» **YOUR OBJECTIVE**:
Below is a listing; retype exactly the lines between the one containing "Japan's Ryoyu Kobayashi" and the one containing "home office featuring", inclusive, minus the pictures.

» **GIVEN ENTRIES**:
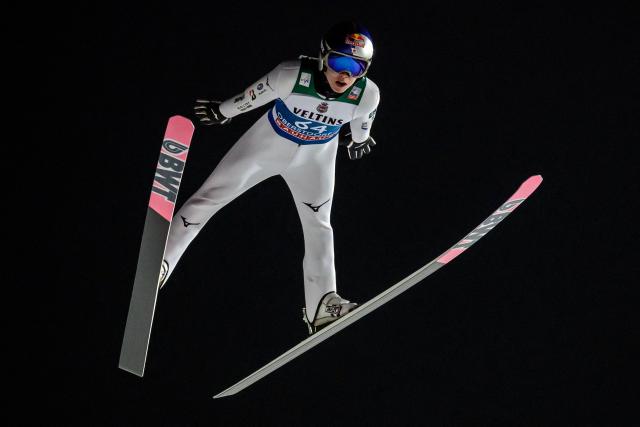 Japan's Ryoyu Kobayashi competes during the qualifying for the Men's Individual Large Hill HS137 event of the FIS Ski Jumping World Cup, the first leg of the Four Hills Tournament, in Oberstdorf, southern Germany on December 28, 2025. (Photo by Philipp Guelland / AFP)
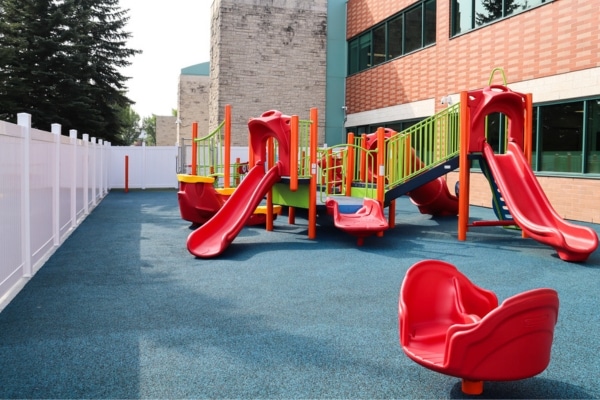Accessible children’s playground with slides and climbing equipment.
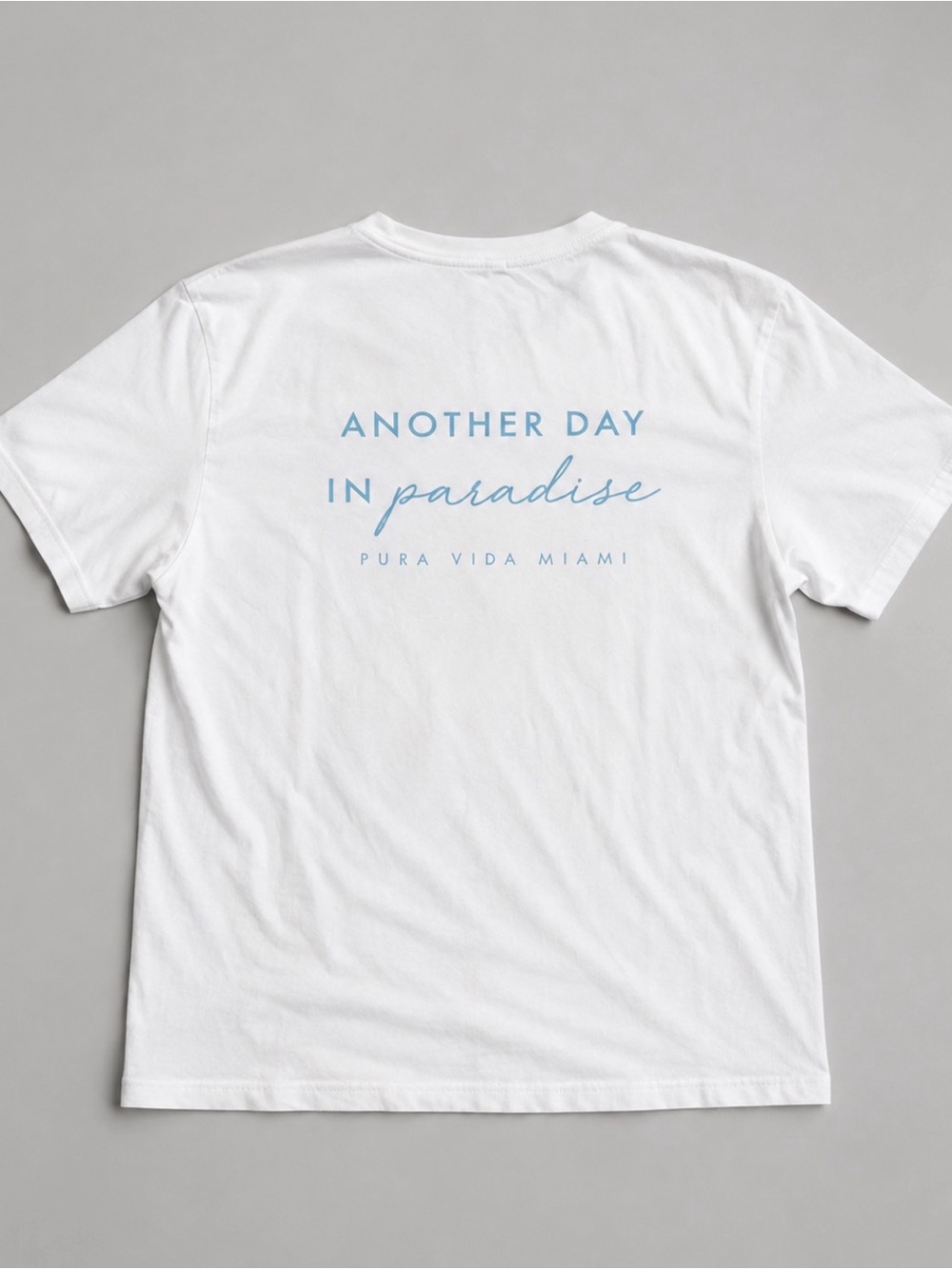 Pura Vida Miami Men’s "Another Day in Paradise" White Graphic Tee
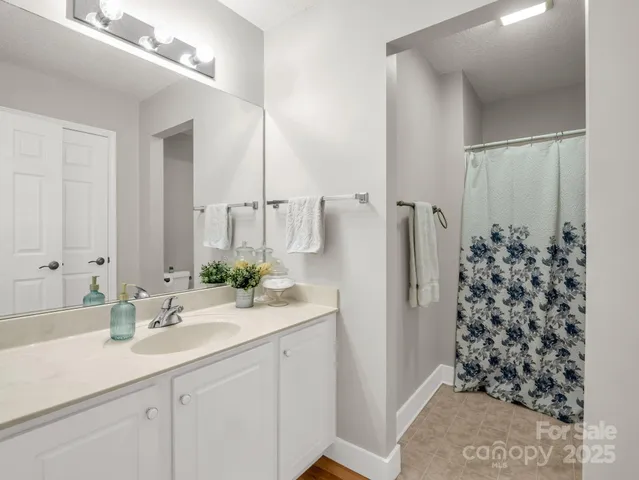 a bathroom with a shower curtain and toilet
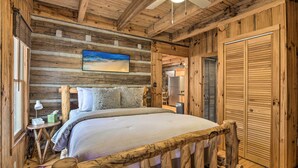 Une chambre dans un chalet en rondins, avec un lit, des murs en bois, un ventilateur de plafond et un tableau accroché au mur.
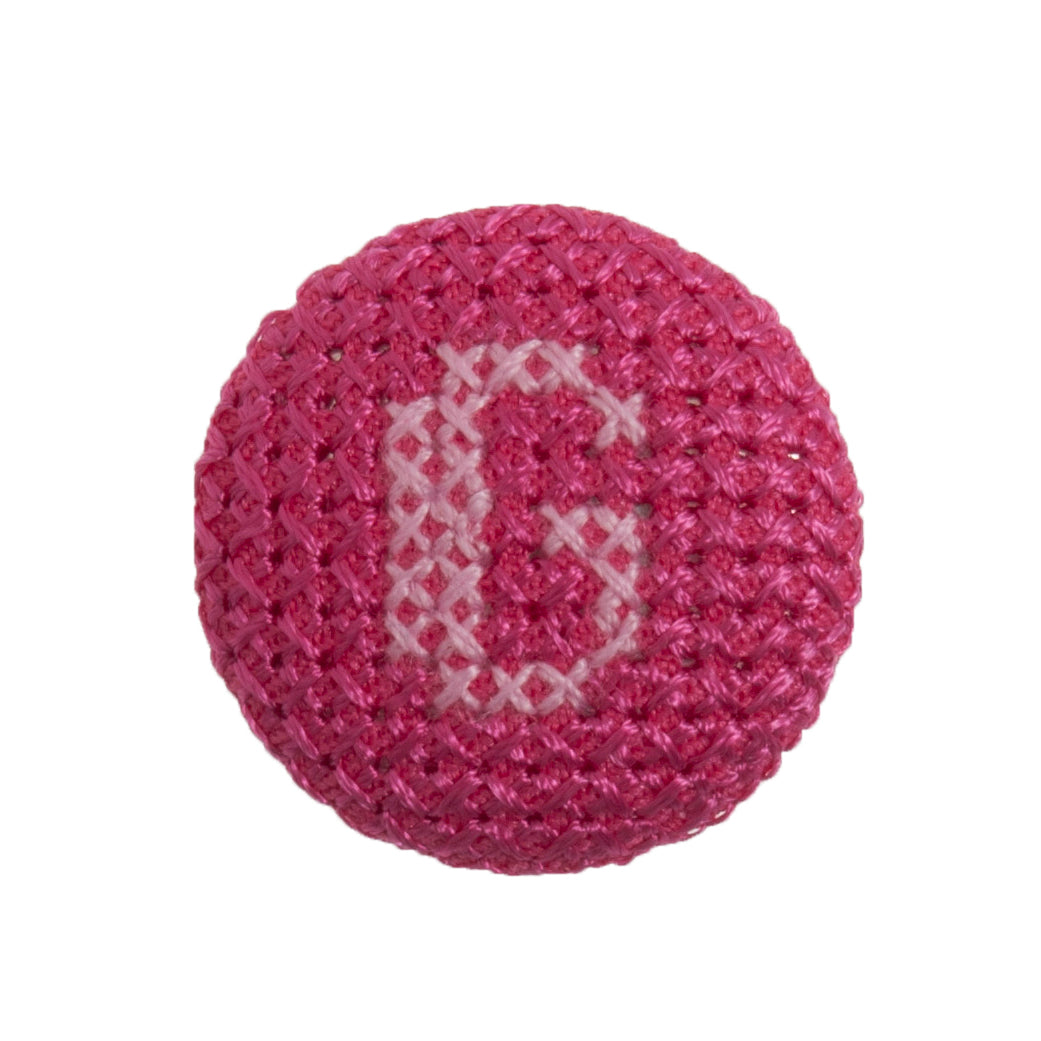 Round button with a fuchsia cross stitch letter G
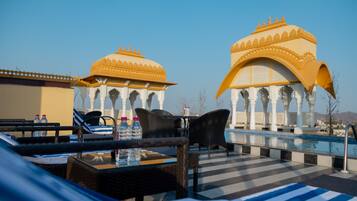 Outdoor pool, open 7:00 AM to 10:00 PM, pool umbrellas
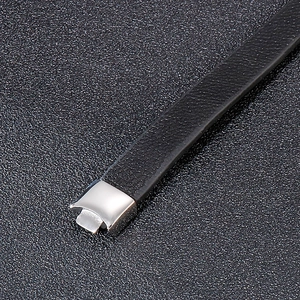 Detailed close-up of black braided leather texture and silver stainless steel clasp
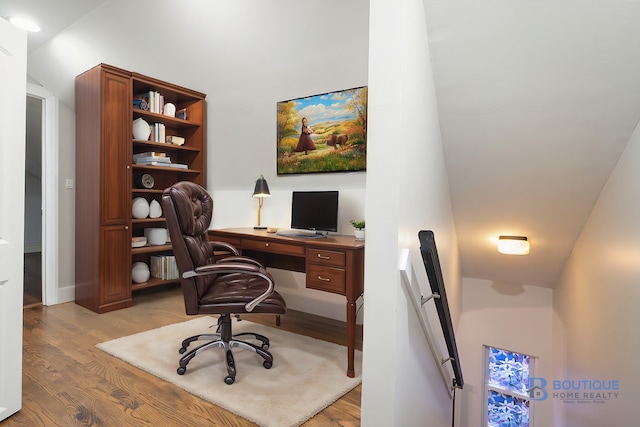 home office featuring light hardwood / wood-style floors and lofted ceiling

---

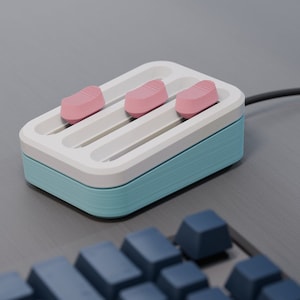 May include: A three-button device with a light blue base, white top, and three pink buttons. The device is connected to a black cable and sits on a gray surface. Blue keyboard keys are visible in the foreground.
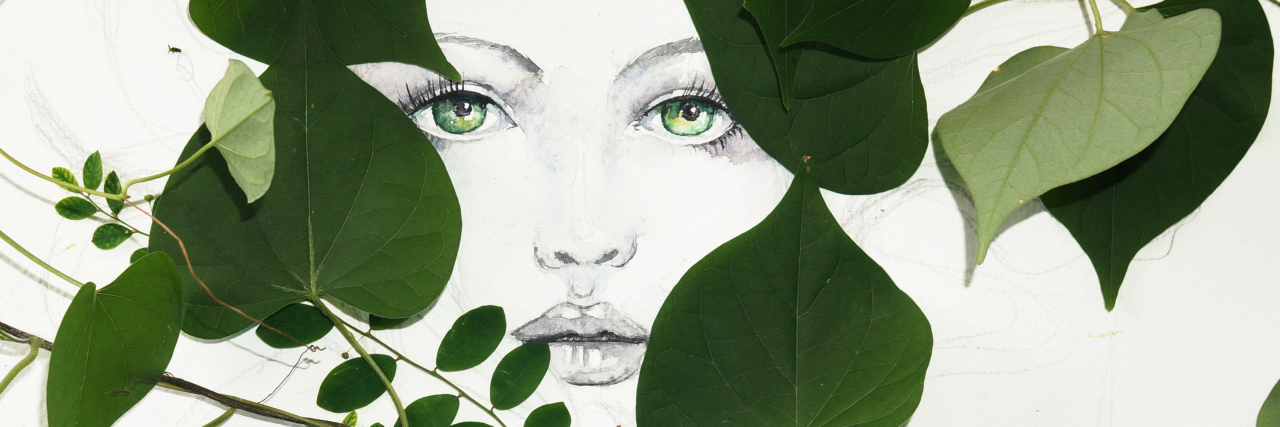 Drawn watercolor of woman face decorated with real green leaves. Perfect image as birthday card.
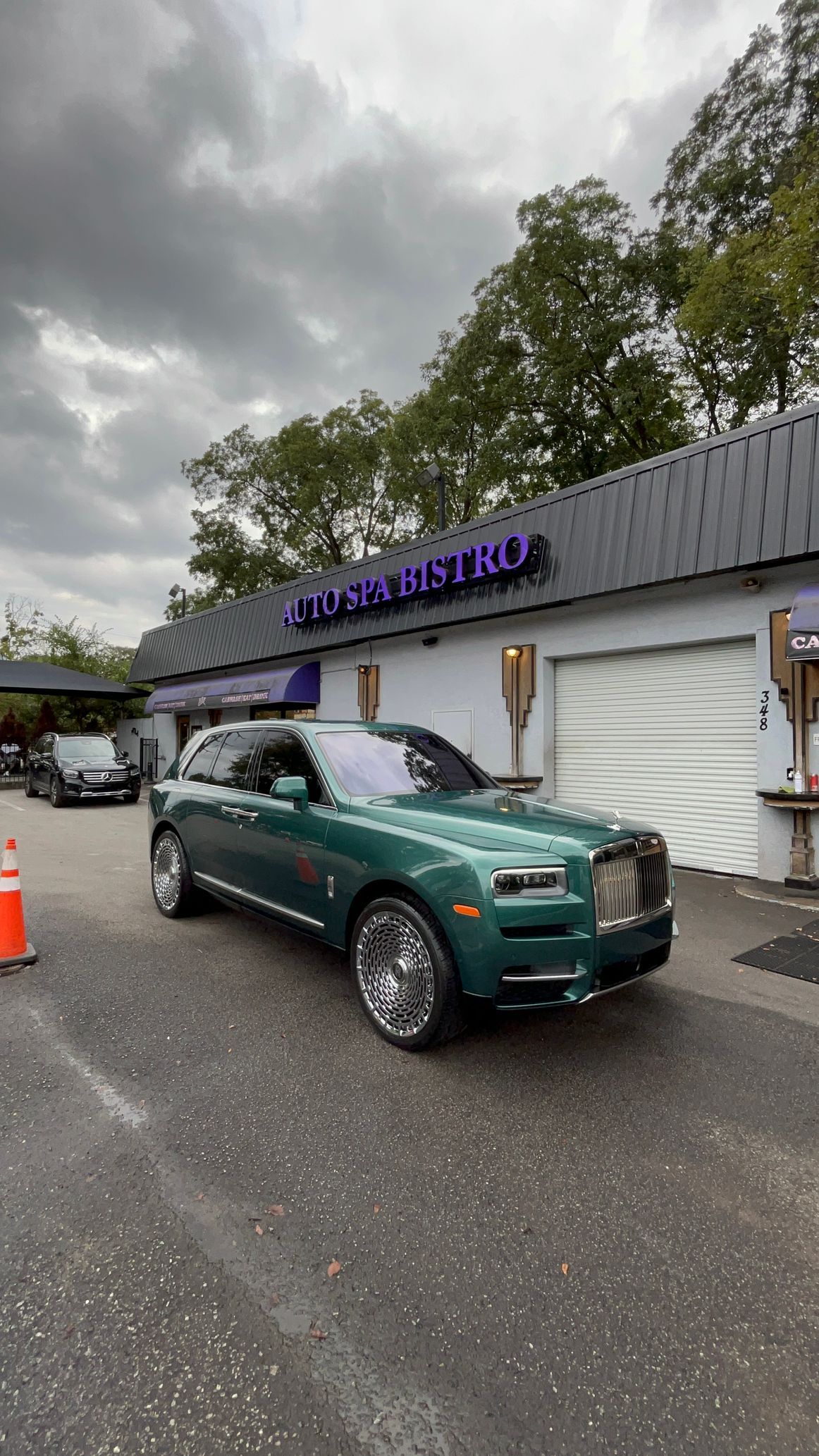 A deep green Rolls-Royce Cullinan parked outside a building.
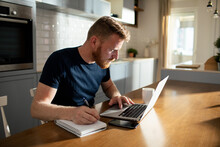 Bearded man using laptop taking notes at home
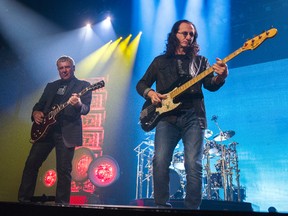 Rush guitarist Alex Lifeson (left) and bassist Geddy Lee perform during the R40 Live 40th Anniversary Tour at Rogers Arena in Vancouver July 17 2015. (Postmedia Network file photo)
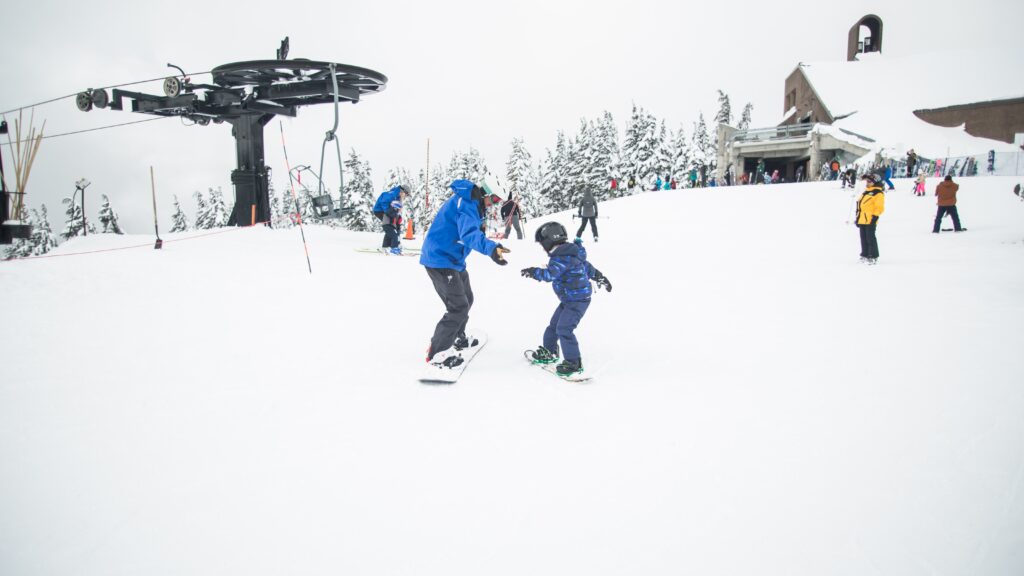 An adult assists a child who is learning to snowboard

--

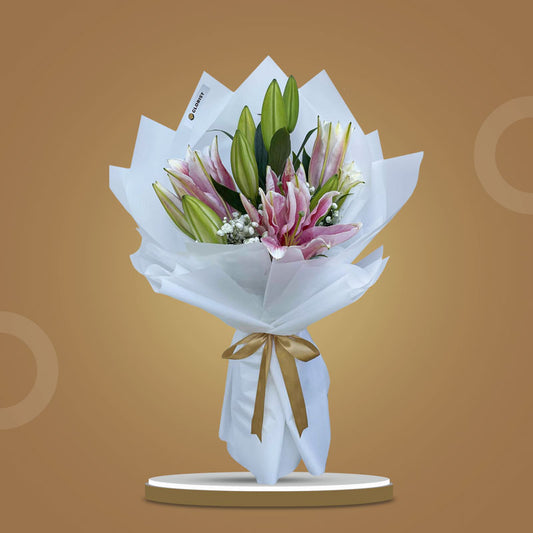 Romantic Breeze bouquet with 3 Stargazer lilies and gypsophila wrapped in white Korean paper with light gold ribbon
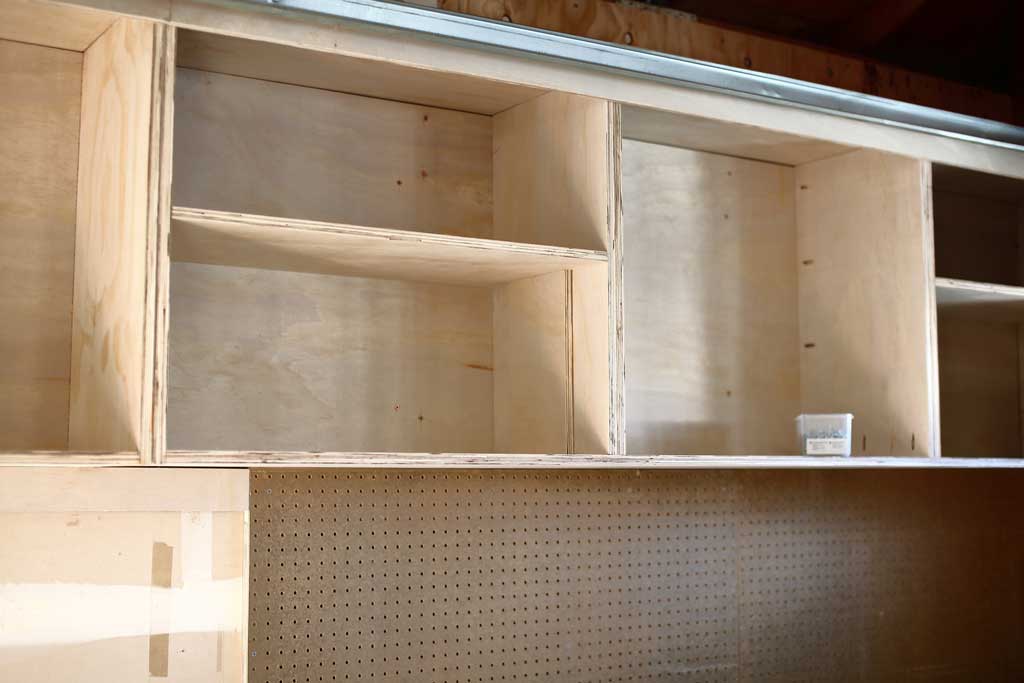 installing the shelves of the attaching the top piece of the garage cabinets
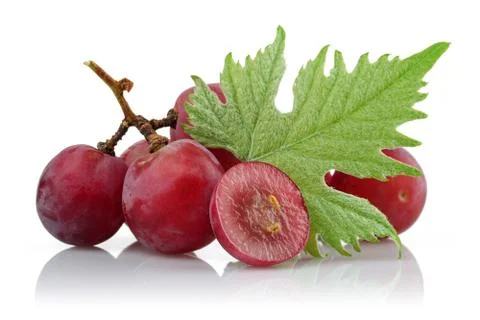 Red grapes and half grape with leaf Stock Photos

» **RESULT FOR THIS EXERCISE**:
 Japan's Ryoyu Kobayashi competes during the qualifying for the Men's Individual Large Hill HS137 event of the FIS Ski Jumping World Cup, the first leg of the Four Hills Tournament, in Oberstdorf, southern Germany on December 28, 2025. (Photo by Philipp Guelland / AFP)
Accessible children’s playground with slides and climbing equipment.
 Pura Vida Miami Men’s "Another Day in Paradise" White Graphic Tee
 a bathroom with a shower curtain and toilet
 Une chambre dans un chalet en rondins, avec un lit, des murs en bois, un ventilateur de plafond et un tableau accroché au mur.
 Round button with a fuchsia cross stitch letter G
 Outdoor pool, open 7:00 AM to 10:00 PM, pool umbrellas
 Detailed close-up of black braided leather texture and silver stainless steel clasp
 home office featuring light hardwood / wood-style floors and lofted ceiling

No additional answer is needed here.